Tribal Parks and other IPCAs are particularly important in regions of the boreal that have been highly impacted and altered by industrial development because they protect remnant wildlife habitat as well as secure traditional lands that are critical for the exercise of Treaty and Aboriginal Rights, such as hunting, fishing, and the gathering of medicinal plants. One of the best examples of this is the 90 000 ha K’ih tsaa?dze Tribal Park, which has been established by Doig River First Nation in the heart of one of the biggest natural gas plays on the continent—the Montney shale formation, which contains reserves of 449 trillion cubic feet of natural gas and more than one billion barrels of oil in the Peace Region of northeastern British Columbia and neighboring Alberta. Over 67% of the Peace Region has already been developed as a result of the cumulative impacts of forestry, agriculture mining, hydro, and oil and gas development (Lee and Hanneman 2013
) and thus K’ih tsaa?dze and other proposed Tribal Parks, nearby are among the few remaining places where local Dane_zaa and Cree First Nations can still participate in traditional activities as their ancestors did for thousands of years before European colonization—activities crucial to maintaining their cultural and spiritual identity and connection to the land, while ensuring the stewardship of sensitive boreal ecosystems and resilience to climate change.

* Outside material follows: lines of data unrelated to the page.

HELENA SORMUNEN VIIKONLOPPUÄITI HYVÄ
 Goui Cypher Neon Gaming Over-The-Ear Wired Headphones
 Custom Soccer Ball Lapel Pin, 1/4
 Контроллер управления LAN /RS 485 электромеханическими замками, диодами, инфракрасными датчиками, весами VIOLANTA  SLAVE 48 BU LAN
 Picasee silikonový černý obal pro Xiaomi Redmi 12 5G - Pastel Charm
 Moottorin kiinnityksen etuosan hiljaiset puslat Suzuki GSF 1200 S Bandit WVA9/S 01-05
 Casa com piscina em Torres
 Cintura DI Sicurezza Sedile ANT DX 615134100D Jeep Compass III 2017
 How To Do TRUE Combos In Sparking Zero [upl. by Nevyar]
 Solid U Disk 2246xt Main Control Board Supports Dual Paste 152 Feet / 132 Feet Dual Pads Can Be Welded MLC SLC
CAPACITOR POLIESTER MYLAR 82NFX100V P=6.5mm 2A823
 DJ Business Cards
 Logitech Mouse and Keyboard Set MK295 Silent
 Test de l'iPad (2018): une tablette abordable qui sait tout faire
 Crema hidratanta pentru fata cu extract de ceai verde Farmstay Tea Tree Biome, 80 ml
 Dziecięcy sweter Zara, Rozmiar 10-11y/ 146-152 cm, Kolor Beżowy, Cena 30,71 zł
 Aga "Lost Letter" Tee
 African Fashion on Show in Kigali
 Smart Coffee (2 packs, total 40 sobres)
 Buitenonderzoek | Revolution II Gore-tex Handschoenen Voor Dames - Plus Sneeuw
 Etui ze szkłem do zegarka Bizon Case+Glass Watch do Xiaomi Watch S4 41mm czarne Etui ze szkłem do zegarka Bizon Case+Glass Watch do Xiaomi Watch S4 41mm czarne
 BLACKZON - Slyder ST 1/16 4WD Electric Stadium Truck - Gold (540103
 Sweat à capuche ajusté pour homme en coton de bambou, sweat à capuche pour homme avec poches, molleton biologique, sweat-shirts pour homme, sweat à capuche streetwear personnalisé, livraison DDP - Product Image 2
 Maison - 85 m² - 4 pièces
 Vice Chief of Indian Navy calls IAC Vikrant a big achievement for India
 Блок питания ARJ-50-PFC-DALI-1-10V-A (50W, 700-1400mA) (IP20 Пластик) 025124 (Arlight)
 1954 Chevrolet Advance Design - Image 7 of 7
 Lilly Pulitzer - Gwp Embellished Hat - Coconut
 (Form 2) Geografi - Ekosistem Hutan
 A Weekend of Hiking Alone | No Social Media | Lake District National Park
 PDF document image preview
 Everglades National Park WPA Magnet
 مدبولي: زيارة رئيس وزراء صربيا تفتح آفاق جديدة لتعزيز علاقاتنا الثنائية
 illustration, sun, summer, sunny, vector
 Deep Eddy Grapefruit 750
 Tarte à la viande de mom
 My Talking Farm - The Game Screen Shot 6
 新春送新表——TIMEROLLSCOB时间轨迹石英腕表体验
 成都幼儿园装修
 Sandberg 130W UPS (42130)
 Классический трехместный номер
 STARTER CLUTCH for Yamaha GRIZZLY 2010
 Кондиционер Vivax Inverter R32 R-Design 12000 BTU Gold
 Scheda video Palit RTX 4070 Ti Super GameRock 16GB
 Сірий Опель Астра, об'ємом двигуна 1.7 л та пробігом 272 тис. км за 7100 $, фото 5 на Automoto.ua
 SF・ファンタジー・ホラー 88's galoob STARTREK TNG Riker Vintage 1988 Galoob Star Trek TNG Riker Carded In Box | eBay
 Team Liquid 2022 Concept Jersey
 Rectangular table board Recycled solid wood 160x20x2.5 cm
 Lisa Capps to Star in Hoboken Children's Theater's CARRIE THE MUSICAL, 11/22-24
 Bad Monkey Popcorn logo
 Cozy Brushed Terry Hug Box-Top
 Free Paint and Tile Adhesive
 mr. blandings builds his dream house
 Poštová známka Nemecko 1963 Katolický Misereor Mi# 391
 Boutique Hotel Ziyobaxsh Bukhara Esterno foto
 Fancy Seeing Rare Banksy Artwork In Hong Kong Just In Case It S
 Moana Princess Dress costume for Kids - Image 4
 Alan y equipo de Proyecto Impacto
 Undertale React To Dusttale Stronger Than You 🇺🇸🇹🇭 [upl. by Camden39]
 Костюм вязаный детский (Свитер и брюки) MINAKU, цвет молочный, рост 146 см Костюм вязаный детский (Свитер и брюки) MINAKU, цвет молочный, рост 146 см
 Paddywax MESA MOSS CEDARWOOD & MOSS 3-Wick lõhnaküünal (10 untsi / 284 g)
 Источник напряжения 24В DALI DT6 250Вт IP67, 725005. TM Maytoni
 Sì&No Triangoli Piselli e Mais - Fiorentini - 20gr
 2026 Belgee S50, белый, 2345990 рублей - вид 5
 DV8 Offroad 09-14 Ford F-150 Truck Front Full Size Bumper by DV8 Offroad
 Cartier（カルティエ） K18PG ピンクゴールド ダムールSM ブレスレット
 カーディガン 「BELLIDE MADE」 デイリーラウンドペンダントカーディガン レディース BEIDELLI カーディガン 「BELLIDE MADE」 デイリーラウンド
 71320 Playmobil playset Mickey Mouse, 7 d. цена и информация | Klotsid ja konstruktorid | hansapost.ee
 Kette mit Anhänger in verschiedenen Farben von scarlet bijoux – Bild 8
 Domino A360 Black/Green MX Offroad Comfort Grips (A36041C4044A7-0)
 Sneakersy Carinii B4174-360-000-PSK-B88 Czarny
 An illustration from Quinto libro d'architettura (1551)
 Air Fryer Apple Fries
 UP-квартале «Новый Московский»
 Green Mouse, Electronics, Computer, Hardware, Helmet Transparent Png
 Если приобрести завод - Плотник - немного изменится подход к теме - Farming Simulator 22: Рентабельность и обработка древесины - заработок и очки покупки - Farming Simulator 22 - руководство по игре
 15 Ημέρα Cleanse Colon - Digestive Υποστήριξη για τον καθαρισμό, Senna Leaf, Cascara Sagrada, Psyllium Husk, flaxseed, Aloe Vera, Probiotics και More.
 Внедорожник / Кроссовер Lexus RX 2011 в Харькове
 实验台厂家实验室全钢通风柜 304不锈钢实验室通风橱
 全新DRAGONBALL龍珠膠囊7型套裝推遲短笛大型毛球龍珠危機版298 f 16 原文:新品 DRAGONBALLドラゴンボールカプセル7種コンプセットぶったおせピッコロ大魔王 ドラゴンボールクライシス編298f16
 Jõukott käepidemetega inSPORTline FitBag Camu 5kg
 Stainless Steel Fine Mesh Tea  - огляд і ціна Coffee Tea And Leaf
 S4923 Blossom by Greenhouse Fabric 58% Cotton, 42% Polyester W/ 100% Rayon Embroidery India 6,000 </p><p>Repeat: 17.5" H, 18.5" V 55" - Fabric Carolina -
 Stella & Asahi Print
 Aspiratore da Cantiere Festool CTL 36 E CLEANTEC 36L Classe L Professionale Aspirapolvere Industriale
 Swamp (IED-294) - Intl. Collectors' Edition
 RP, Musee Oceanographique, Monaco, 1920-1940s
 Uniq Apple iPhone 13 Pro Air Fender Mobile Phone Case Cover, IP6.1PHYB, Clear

Indigenous-led conservation, such as Tribal Parks and other IPCAs, represent a turning point in Canadian conservation that we applaud. Conserving lands and waters in partnership with Indigenous Peoples is the best way to protect biodiversity in the boreal that is consistent with our domestic and international obligations to respect and uphold the rights of Indigenous Peoples who call this globally recognized region home.